There had been improvisational and sketch comedy ensembles before Saturday Night Live (SNL) debuted in 1975, including the venerable Second City, Monty Python, the Goon Show, the Goodies, the Proposition, Firesign Theatre, and the Groundlings (from which sprang Laraine Newman), but none have had the longevity or wide-ranging cultural impact of SNL. What set SNL apart was the breadth and depth of the show’s on- and off-screen talents, combined with a determination to bring risky, youth-oriented “alternative comedy” to a mass audience. SNL is now entering its 43rd season, and the original cast – Newman, John Belushi, Dan Aykroyd, Gilda Radner, Jane Curtin, Chevy Chase, and Garrett Morris – have become the stuff of legend.
Newman had theater experience at an early age and studied mime in Paris with Marcel Marceau, but she notes that it was her work with the Groundlings that provided the best possible preparation for SNL, a show in which scripts were sometimes treated more as useful suggestions than as holy writ. However much the cast would occasionally stray from the prepared text, though, they appreciated the writers’ work; not surprising, considering that several cast members were established comedy writers themselves. As a performer Newman worked closely with the writers and fellow cast members in developing skits and signature characters.

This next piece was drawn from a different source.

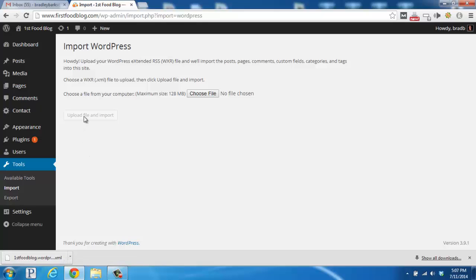From there, you would click Upload File and Import, and that would allow you to import the WordPress content that you just exported from your blog.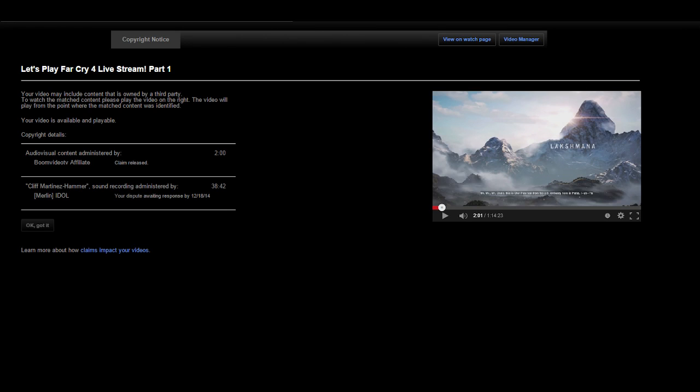The second claim though, the second claim is literally the pause menu music. That is what's getting claimed. I used YouTube's audio removal tool, which removed one part of it. Instantly, the claim went to another time in the video where I paused the game. The fact that this is in YouTube's system is fucking ridiculous. And what's even more ridiculous is that I have the music turned off in Far Cry 4, and it still shows up.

Following her five-year stint on SNL Newman has maintained a busy film and television career in both leading and supporting roles, and is a prominent voice artist on television and in animated features. She’s also a writer and editor who regularly contributes to several online publications, including McSweeney’s, the Atlantic Online, and Huffington Post. When asked what advice she would offer to aspiring writers and performers, Newman’s response is succinct: “Read a book. Make a compendium. Do things differently.”